As a final comment, the references suggested are excellent and a worthwhile use of your time, but I would suggest that you also spend some time looking critically at a few type specimens from different periods -- some of the books have fonts organized by time period -- and ask some simple questions such as why did a new type design or fashion meet a need at that time and why was it abandoned later. The answer varies and says a lot about changing cultural values, technology, current events etc.

Nick Shinn's picture

Don, the arts are not merely reactive, but, being part of cultural ecology, shape civilization.

For instance, with regard to your explanation of Art Deco, why did earlier eras of technological advances not produce Art Deco? And isn’t it putting the cart before the horse to say that “sleek new products” gave rise to Art Deco?

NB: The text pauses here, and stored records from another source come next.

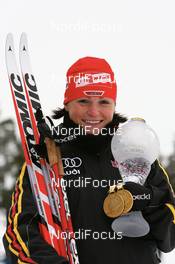 Biathlon - IBU world cup biathlon photoshooting, 10.03.2007 - Holmenkollen (NOR): Andrea Henkel (GER).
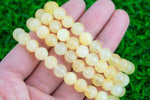 Bracelet Citrine Jade Bracelets 6mm 8mm Stackable Round Natural Gemstone Crystal Bracelets - Handmade Bracelet Crystal Bracelet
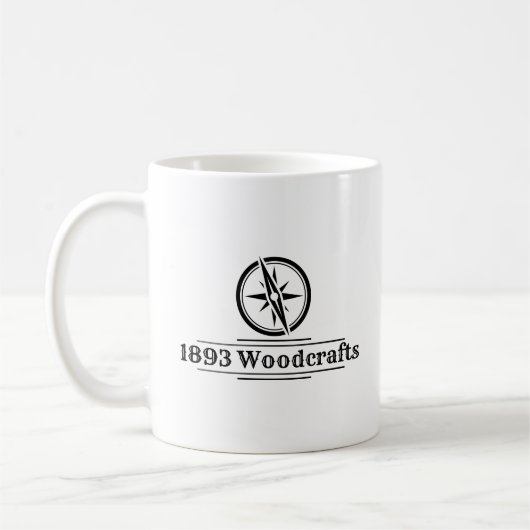 Logo/Slogan Mug 1893 (Gauche)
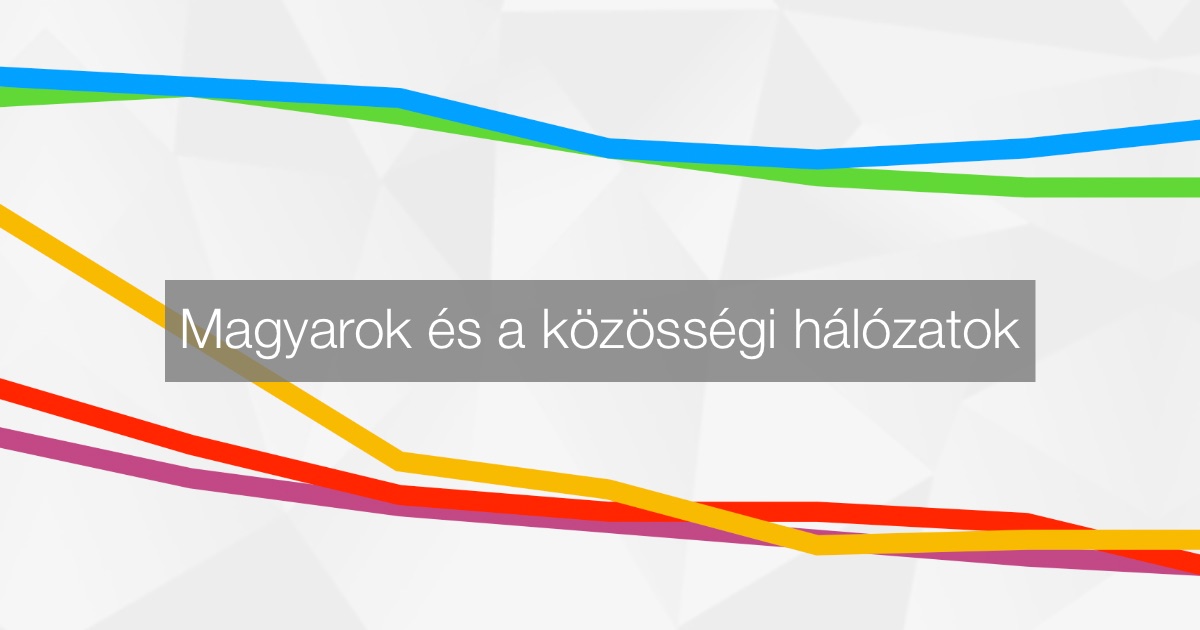 Magyarok és a közösségi hálózatok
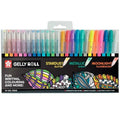 Kugelschreiber-Set Talens Sakura Gelly Roll Mixed 24 Stücke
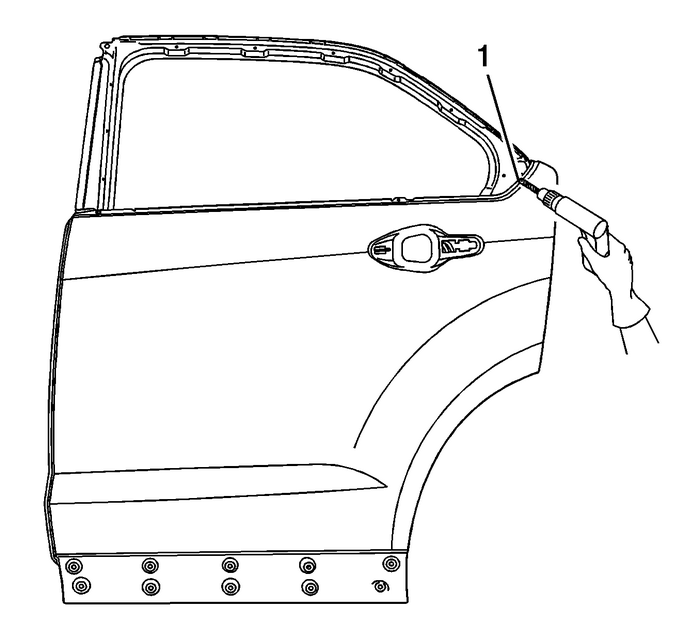 Rear Side Door Outer Panel Replacement Doors  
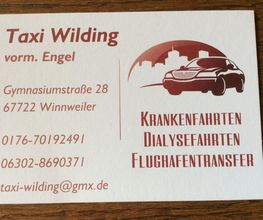 Taxi WILDING Logo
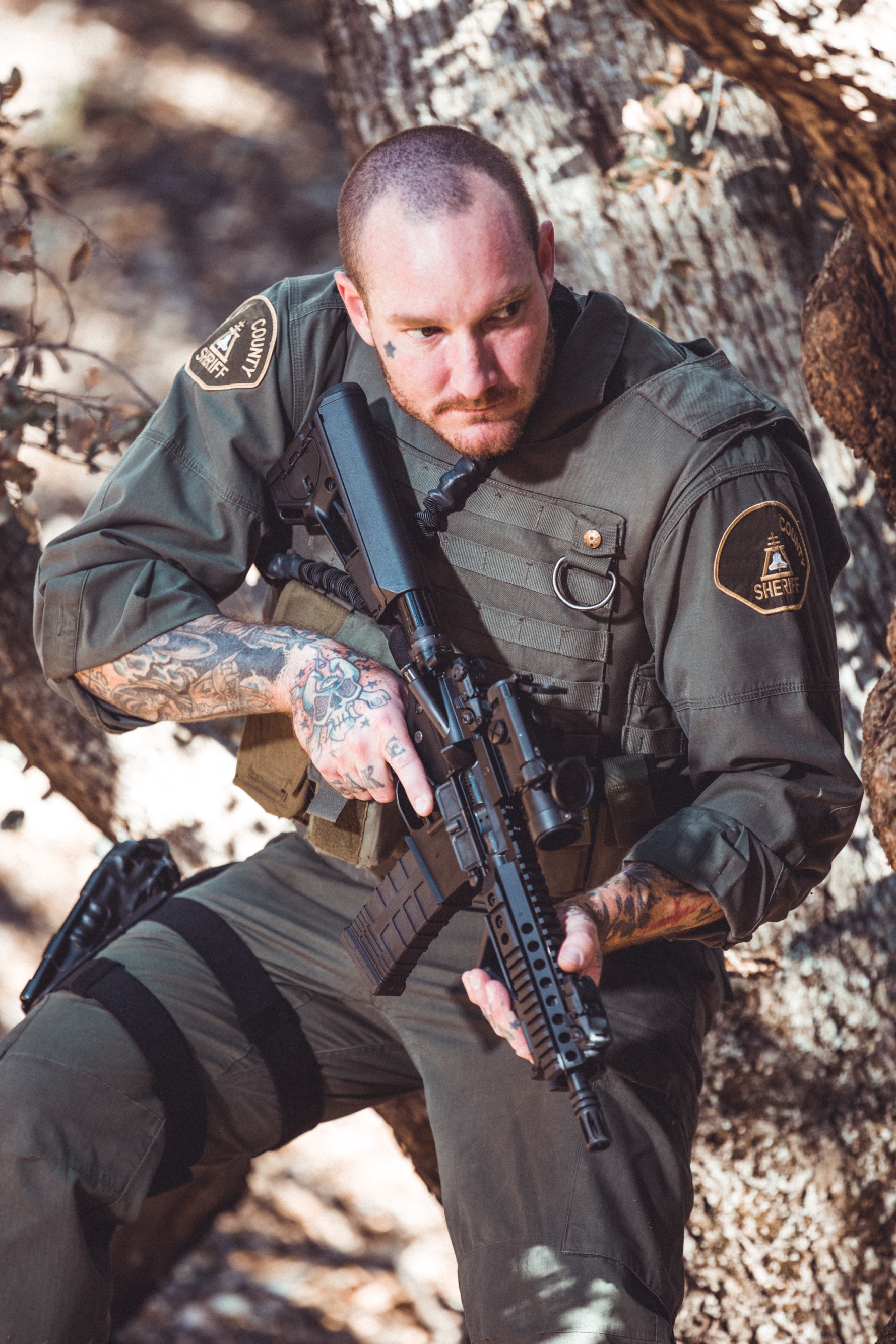  Actor & Artist Brandon Garic Notch - Photograph by www.J-Morton.com 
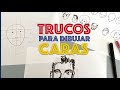 TRUCOS PARA DIBUJAR CARAS | ¡Por fín el tutorial para dibujar caras! | TIPS PARA  DIBUJAR ROSTROS |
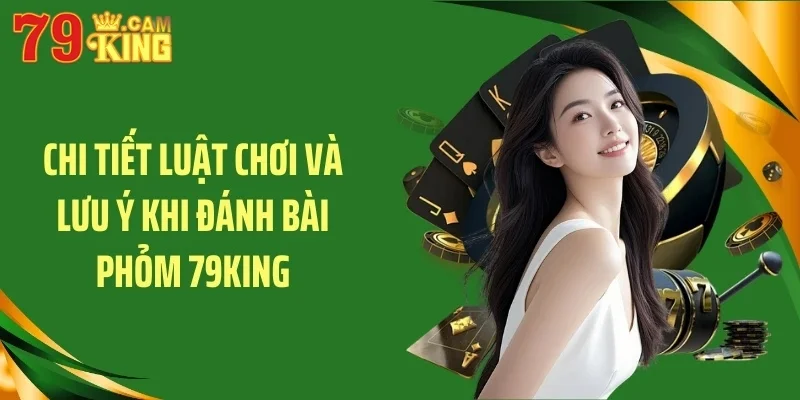 Chi tiết luật chơi và lưu ý khi đánh bài phỏm 79KING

Paradoxically, the technological advances of the early 20th century were employed in the commercial arts to produce historicism. That was Benton’s agenda at ATF for Linotype, and Morison’s at Monotype.

donshottype's picture

[Corrected post. Had bad connection and I mangled my post]
Good points Nick.
Perhaps what we have is a mutual influence process between technology, the arts, current events etc. The influence is clearly not one way. Each is both initiator and recipient.
There is no hope of a "true" explanation that attempts to describe a complex relationship in a few words. My terse phrase about Art Deco clearly lends itself to interpretations that could indeed be seen as "cart before the horse." This the reason for editing before publication. Unfortunately posting in an e-forum does not benefit from this.
As for Benton and Morrison, a few thoughts, with which you may or may not agree.
Benton, encouraged by DeVinne during the Century project, was enamored by technology that could produce more precise typefaces. He was unsatisfied with the existing ATF font library, inherited from a hodgepodge of foundries and designers. His solution, as you note was historicism -- a quest to use new technology to produce revivals of the great designs of the 18th century and earlier that would meet the demands of industrial society. At ATF from the late 1890s onward he axed most of the fonts in the catalog -- with all their fascinating variety -- and directed the creation of a new precisely ordered, mechanized world of fonts.
The adoption of new technology was in itself a forces for font redesign. For example, designing fonts for Monotype and Linotype machines was subject to severe design restraints.

donshottype's picture

Ignore this. Same post sent twice.

William Berkson's picture

Nick, I don't see Benton an historicist. Is Hobo historicist? Or Souvenir? Benton just tried to produce better crafted versions of whatever was out there, plus some new designs like Clearface, and other things. To me he didn't really have an overall agenda, other than to sell type. He did have an approach to type, which was to keep himself invisible, and sell good craftsmanship. The historicism was under way, with William Morris having made it fashionable in the 90s. M.F. Benton is just riding the crest of all the various waves passing by.

Morrison was clearly historicist, but even he is complicated. Monotype did revivals before his influence, and he championed Gill, and at least backed Times New Roman, which wasn't really historicist.